Quisiera recoger el final de tu intervención diciendo que en estos últimos tiempos la forma que se adapta mejor a mis gustos o necesidades no es la del Cristo de Grünewald sino la del Cristo muerto de Mantegna, en el que no hay ninguna espiritualización, en el que está presente el peso de la carne, del sufrimiento, del dolor y todo lo demás. Y no lo digo porque me guste el dolor, el sufrimiento o la muerte: al contrario, lo digo porque considero que no existe la posibilidad de comprender lo religioso precisamente en el sentido originario de la palabra, como ligadura, sin tener en cuenta el vínculo vertical, es decir, la relación con la tierra, con el cuerpo, con la animalidad. Creo firmemente que deberíamos recuperar todo esto, que constituye un sentido no antiguo, sino arcaico (tomado de la arché griega) de la religión. ¿Por qué me declaro cristiano?

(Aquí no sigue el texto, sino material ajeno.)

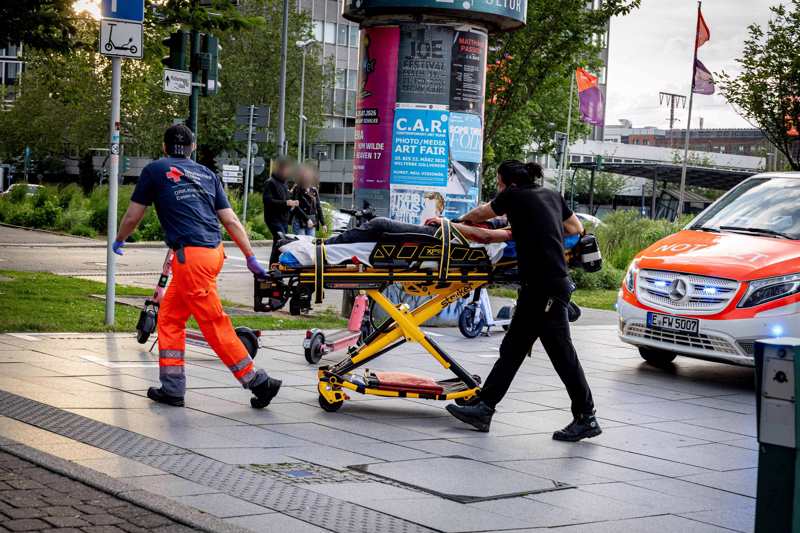 Das Opfer wurde schwerverletzt in ein Krankenhaus gebracht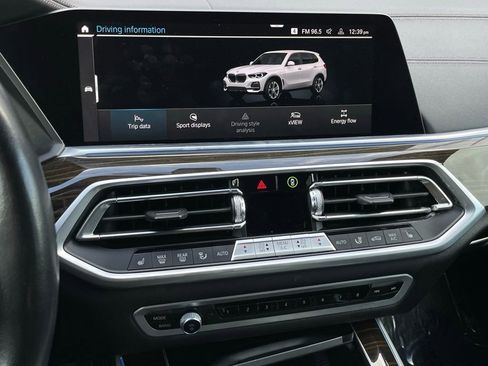 Used 2023 BMW X5 xDrive45e image 18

Porque considero que podemos recuperar este origen, este sentido de lo arcaico, de la animalidad, de lo terreno, a través de esta tradición religiosa en particular. A mí me gusta repetir siempre a mis amigos teólogos cristianos que yo vivo el cristianismo como experiencia religiosa de la religiosidad de todas las religiones, no sólo de las cristianas.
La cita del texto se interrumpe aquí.